Let's come back to the first question and look into the results of my observations.
MyISAM
A lot of my statements here are specific for the MyISAM-engine because the tables used for the tests are of type MyISAM. Other storage-engines can handle things differently so don't apply the results presented here schematically to other engines.And as a second argument a lot of the data presented here depends on the data in the tables, and this is my data.

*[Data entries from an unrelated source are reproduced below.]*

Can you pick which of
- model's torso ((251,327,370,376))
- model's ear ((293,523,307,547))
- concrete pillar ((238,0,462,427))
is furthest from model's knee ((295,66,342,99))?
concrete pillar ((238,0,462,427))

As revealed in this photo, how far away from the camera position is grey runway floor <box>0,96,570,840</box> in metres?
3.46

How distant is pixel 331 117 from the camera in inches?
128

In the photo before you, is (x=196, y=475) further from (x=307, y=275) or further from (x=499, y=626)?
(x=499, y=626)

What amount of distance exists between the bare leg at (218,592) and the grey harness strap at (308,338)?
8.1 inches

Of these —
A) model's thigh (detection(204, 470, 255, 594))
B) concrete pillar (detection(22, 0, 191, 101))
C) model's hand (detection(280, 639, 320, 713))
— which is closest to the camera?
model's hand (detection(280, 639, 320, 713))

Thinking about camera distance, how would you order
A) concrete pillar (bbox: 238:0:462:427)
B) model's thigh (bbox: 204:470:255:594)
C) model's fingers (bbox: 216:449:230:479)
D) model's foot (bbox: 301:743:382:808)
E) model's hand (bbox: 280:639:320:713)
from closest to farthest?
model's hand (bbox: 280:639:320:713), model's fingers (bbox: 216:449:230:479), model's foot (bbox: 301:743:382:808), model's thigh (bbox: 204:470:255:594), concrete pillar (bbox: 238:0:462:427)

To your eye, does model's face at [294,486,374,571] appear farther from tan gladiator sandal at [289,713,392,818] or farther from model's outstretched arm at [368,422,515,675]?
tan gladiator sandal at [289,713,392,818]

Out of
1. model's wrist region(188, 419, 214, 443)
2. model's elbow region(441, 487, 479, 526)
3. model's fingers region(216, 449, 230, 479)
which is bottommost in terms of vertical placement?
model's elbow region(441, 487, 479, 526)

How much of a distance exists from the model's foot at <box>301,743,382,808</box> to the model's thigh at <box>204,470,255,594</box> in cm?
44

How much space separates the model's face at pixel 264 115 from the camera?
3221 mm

If you do your own tests don't expect to see the same numbers (like values for keys, file-offsets etc.).
preparations
Let's create some tables, put some data into them and start with the test.MariaDB [(none)]> create database TestOpt;
Query OK, 1 row affected (0.00 sec)
MariaDB [(none)]> use TestOpt;
Database changed
MariaDB [TestOpt]> create table TestBig (
-> Id char(8),
-> PZN char(7),
-> EVP decimal(7,2),
-> HAP decimal(7,2),
-> ArtikelBez varchar(40),
-> ArtikelText varchar(26),
-> Hersteller char(5) )
-> engine=MYISAM
-> ;
Query OK, 0 rows affected (0.04 sec)
MariaDB [TestOpt]> create table TestSmall (
-> Id char(8),
-> PZN char(7),
-> EVP decimal(7,2),
-> HAP decimal(7,2),
-> ArtikelBez varchar(40),
-> ArtikelText varchar(26),
-> Hersteller char(5) )
-> engine=MYISAM
-> ;
Query OK, 0 rows affected (0.04 sec)
MariaDB [TestOpt]> insert into TestSmall select * from TestOK.ABDAPZN;
Query OK, 301036 rows affected (2.21 sec)

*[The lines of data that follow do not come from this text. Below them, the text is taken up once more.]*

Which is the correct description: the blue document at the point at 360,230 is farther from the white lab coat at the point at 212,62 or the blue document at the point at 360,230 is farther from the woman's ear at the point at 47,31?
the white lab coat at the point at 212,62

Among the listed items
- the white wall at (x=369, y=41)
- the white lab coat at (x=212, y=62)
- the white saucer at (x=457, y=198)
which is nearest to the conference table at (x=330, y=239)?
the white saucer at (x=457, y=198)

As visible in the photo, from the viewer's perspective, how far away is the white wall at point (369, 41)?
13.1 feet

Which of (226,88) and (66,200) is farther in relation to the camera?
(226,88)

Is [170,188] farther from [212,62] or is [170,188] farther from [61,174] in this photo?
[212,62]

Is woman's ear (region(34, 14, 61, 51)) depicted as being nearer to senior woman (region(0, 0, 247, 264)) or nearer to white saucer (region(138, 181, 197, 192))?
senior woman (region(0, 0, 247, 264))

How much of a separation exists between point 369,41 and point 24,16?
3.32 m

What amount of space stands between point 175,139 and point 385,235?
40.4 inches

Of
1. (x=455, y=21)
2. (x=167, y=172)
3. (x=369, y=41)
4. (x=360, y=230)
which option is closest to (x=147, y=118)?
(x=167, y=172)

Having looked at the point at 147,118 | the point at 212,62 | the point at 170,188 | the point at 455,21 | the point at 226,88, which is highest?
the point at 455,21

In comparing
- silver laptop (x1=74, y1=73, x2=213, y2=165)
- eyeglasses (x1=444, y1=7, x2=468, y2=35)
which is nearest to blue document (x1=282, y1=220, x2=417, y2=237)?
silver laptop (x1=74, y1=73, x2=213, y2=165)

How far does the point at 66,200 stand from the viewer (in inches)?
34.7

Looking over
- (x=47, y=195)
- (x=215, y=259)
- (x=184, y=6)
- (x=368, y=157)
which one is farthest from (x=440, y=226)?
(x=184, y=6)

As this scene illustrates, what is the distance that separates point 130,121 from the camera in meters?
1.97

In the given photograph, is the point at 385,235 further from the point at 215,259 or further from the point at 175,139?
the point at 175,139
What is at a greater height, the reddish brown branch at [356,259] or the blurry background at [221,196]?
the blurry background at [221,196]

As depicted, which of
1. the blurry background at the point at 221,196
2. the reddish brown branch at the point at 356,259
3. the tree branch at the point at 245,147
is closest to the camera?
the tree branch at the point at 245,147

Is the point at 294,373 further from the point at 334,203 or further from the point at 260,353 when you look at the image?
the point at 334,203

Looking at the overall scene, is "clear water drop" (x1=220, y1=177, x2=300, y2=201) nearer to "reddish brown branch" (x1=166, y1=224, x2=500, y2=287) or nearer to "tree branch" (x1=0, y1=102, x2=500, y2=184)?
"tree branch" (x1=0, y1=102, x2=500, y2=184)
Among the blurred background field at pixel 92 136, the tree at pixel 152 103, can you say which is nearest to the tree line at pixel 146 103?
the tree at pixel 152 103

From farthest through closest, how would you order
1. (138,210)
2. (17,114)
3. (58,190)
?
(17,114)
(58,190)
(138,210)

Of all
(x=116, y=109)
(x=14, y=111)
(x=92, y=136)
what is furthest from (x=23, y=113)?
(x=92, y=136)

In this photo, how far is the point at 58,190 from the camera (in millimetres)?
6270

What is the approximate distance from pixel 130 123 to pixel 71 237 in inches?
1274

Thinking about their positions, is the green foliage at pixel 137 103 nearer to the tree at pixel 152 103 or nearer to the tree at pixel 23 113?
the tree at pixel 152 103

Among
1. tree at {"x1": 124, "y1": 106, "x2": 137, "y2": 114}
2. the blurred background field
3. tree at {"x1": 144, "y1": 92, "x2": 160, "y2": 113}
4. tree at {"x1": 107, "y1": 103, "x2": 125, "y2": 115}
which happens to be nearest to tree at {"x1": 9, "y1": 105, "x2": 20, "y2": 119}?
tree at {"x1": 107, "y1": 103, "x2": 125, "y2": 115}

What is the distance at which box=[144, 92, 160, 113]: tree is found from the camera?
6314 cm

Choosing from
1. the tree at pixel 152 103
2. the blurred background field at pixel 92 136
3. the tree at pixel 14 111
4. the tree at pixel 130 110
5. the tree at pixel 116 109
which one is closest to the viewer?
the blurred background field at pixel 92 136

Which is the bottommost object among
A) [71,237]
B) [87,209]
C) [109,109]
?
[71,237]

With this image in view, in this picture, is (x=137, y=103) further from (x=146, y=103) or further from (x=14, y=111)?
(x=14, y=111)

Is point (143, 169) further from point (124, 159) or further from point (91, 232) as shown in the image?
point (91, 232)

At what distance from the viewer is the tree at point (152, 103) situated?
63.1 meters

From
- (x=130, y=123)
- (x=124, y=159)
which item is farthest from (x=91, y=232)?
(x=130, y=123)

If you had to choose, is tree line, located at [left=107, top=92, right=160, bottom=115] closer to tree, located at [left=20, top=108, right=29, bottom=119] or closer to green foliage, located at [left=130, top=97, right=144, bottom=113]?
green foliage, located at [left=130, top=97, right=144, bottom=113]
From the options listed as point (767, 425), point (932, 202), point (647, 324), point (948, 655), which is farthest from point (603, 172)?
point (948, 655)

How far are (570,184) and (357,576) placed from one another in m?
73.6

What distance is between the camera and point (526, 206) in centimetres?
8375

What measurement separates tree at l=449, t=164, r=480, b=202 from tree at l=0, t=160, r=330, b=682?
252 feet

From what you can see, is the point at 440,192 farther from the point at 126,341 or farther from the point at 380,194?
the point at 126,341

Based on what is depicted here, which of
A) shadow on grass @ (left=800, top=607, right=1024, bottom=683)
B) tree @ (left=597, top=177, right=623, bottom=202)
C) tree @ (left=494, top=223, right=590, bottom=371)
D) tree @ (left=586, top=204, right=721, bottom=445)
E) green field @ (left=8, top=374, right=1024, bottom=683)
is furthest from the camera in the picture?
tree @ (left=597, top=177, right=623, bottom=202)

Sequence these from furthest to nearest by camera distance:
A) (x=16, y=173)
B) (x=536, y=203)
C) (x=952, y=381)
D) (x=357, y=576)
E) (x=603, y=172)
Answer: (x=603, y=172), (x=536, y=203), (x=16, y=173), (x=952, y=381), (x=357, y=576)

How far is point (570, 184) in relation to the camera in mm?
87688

Records: 301036 Duplicates: 0 Warnings: 0
MariaDB [TestOpt]> insert into TestBig select * from TestOK.ABDAOK;
Query OK, 10000000 rows affected (1 min 12.97 sec)
Records: 10000000 Duplicates: 0 Warnings: 0
MariaDB [TestOpt]> create index PZN on TestSmall(PZN);
Query OK, 301036 rows affected (2.08 sec)

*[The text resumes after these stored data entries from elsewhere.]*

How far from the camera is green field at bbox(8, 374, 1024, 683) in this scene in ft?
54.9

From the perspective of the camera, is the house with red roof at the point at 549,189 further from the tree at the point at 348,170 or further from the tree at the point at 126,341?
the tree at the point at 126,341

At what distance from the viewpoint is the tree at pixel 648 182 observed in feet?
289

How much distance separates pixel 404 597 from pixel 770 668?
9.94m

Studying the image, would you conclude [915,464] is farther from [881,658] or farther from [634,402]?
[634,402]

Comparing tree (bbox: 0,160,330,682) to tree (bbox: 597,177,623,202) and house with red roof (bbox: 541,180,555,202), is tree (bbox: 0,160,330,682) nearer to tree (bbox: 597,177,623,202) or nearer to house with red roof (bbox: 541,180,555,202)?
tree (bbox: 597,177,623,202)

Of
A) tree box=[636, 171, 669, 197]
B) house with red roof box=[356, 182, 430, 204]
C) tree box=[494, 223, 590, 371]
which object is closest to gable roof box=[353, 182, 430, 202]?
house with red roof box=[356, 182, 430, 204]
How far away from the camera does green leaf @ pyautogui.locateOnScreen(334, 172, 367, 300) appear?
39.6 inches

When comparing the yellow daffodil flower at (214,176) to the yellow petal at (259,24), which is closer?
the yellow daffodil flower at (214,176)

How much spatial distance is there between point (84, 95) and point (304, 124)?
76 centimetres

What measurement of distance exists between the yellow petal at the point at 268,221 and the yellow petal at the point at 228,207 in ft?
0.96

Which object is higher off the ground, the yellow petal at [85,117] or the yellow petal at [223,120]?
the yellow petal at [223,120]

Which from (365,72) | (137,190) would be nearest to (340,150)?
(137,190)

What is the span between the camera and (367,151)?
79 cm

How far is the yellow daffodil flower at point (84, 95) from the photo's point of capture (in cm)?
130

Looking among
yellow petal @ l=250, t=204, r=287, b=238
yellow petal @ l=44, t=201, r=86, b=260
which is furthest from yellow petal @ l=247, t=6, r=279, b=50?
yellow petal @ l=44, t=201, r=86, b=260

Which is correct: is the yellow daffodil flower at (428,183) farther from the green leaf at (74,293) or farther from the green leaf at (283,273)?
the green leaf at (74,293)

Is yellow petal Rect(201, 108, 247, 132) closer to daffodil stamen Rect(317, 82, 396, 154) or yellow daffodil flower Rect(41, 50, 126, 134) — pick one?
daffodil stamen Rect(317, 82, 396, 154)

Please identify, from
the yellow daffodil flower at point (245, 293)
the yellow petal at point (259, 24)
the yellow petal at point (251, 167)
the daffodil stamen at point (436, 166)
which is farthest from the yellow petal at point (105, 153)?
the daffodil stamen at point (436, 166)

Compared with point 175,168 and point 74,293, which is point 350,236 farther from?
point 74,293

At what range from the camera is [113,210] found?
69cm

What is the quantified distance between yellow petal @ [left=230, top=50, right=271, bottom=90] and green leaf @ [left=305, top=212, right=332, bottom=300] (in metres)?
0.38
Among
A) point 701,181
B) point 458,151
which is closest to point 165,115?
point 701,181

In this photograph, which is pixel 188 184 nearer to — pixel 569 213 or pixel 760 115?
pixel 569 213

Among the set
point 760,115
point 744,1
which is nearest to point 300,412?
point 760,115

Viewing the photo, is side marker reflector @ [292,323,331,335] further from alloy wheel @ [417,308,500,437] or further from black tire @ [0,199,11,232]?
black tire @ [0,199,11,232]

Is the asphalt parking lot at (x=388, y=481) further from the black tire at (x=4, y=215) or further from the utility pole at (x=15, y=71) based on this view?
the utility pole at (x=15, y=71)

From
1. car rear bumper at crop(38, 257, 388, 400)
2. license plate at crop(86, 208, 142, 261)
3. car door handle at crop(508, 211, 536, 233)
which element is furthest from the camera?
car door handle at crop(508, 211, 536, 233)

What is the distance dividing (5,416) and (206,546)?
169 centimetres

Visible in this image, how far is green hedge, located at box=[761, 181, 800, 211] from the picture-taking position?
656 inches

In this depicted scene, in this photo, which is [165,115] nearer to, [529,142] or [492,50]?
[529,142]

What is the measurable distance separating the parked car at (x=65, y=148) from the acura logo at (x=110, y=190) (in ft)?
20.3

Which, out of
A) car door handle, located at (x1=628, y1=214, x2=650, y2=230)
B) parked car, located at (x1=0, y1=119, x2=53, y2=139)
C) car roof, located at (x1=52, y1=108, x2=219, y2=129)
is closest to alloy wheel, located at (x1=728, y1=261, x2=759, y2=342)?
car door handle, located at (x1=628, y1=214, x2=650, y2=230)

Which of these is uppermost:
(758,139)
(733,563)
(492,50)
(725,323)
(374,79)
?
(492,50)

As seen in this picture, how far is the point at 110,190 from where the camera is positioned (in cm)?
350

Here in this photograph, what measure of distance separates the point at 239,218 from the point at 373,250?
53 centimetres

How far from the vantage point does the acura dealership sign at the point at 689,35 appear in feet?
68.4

Records: 301036 Duplicates: 0 Warnings: 0
MariaDB [TestOpt]> create index PZN on TestBig(PZN);
Query OK, 10000000 rows affected (1 min 28.40 sec)
Records: 10000000 Duplicates: 0 Warnings: 0
MariaDB [TestOpt]>
And this is the statement I would like to inspect:
MariaDB [TestOpt]> select SQL_NO_CACHE count(A.PZN) from TestSmall A straight_join TestBig B on (A.PZN = B.PZN) where A.Hersteller = '00020' and B.Hersteller = '36367';
+--------------+
| count(A.PZN) |
+--------------+
| 14 |
+--------------+
1 row in set (0.41 sec)
MariaDB [TestOpt]>
This statement is silly, it has no special meaning except to be used for this demonstration here.Let the database-server tell us how it handles this statement:
MariaDB [TestOpt]> explain select SQL_NO_CACHE count(A.PZN) from TestSmall A straight_join TestBig B on (A.PZN = B.PZN) where A.Hersteller = '00020' and B.Hersteller = '36367'\G
*************************** 1. row ***************************
id: 1
select_type: SIMPLE
table: A
type: ALL
possible_keys: PZN
key: NULL
key_len: NULL
ref: NULL
rows: 301036
Extra: Using where
*************************** 2. row ***************************
id: 1
select_type: SIMPLE
table: B
type: ref
possible_keys: PZN
key: PZN
key_len: 6
ref: TestOpt.A.PZN
rows: 448
Extra: Using where
2 rows in set (0.01 sec)
MariaDB [TestOpt]>
Looks like it takes the table TestSmall (aka A) to scans all records in it, applies WHERE to the records found and for those records meeting the WHERE-condition it searches the corresponding record(s) from TestBig (aka B) via the index. It then puts everything together and presents the result.code
To look further into the handling of this statement I used the modifications presented here and counted the number of calls of some routines. Here is the result:select SQL_NO_CACHE count(A.PZN) from TestSmall A straight_join TestBig B on (A.PZN = B.PZN) where A.Hersteller = '00020' and B.Hersteller = '36035';
table = <TestSmall> counter table-scan: 301037 index-scan: 0
table = <TestBig> counter table-scan: 0 index-scan: 311
The assumption above seems to be correct: the table TestSmall has approx. 300K records in it as you can see from the INSERT-statement above, these are read via a table-scan (counted by the variable counterTableScan).For the table TestBig no table-scan is made (var. counterTableScan is 0) but instead index-related-functions are called, only 311times these functions are called. As this table contains 10mio records this is a wise decision to check only this small amount of records.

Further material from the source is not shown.